They might also have found that people just want sugar water. A lot of mass market food products get bastardized by being made blander and more sugary.
They didn't actually use the original formula. They used the opportunity to switch from Cane sugar to Corn Syrup. Since people didn't have the ability to taste the difference any more, no one noticed. This let them cut the cost of a major ingredient which then translated into profit. They gained a LOT more from the failed product.
That’s actually something I have been thinking about. How do they get so much sugar into a drink? You could never produce something drinkable with this amount of sugar.
Drinks like iced teas or watered down fruit drink or 'vitamin water' around that level were common in australia, but one by one are going from being the less cloyingly sweet options to being the most via other sweeteners. Usually one ariund the 5% sugar range will get extremely popular because it is actually slightly different, then get bought out or price dumped out of existence by coca cola followed by being focuse grouped into being exactly the same as all the others and falling into obscurity.
There's usually one or two items on the muesli/nut/cake bar shelf, but you have to read the nutrition info for half of them every time to find it.
I don't want sweeteners, and yet in some products, my much preferred sugar is replaced by sweeteners, because producers just don't want to have two products. I suppose people who hate sugar are more numerous than people who hate sweeteners, so the artificial product wins. Like sweet-n-sour pickled herring. Delicious. But off-the-shelf, it's spoiled with sweeteners today, instead of good old sugar.

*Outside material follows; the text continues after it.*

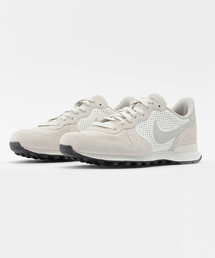 NIKE（ナイキ）の「NIKE(ナイキ) インターナショナリスト LX / 827888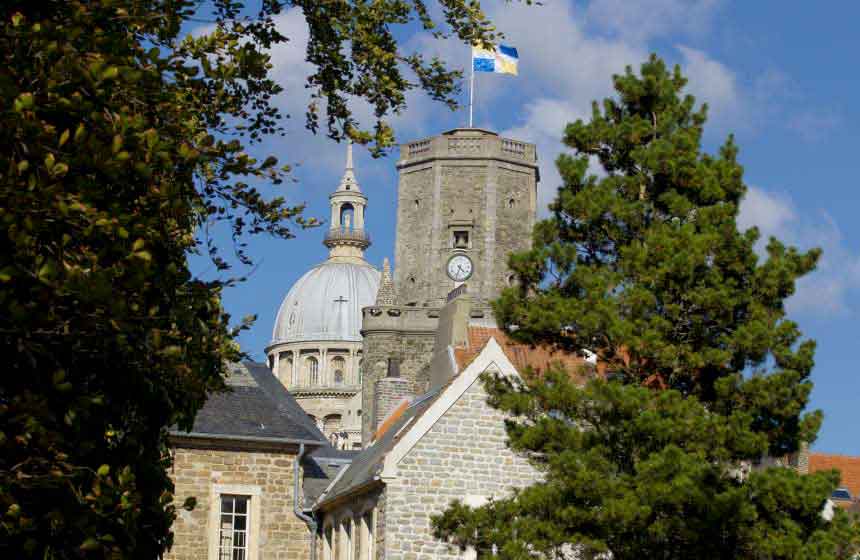 A wander around Boulogne-sur-Mer’s fortified town in Northern France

I would also be interested in this. Many soft drink recipes are well-established and rarely adjusted because even small, well-intentioned changes can damage the brand and customer loyalty. Furthermore, it seems counterintuitive that producers would increase sugar content by as much as 1.57 times because that would inherently cost them significantly more money over time.
have you forgotten the context of this thread ? Sugar water! One of the most advertised products of all time is sugar water. A useless product that makes people sick.
From the comment you first replied to: harder to see how sweet something is
It was never about sugar content, but how sweet something is.
Overly sweet things can be unpleasant to an adult palate, or one accustomed to a culture of less sweet things. In simpler times, sugar content was a somewhat reliable metric of sweetness (of course it can be balanced by acid, tannins, salt etc.), so you could select a product without needing to taste it first.
Eh, I remember the days when if I wanted less sugar, I'd just use less sugar, and the word "engineering" and "patenting" wouldn't be right for the food discussion.
As someone who has purchased bags of xylitol and added them to lemonade, tea, etc.:
It's because it tastes bad. Odd that any sugar could taste bad, but it's true. It's not _that_ expensive, but normal sugar is so cheap (not to mention HFCS, which has got to be even cheaper) that price is still a plausible issue. But more likely, the taste preferences of Americans is just so sweet that we can't appreciate xylitol as a sweetener.
I mean, there are actual measurable cases where “sugar was sweeter”: less chemicals, larger sizes, being produced closer to where you buy it and therefore being fresher, and smaller producers who delivered polished well-made product being squeezed out by large multi-national corporations.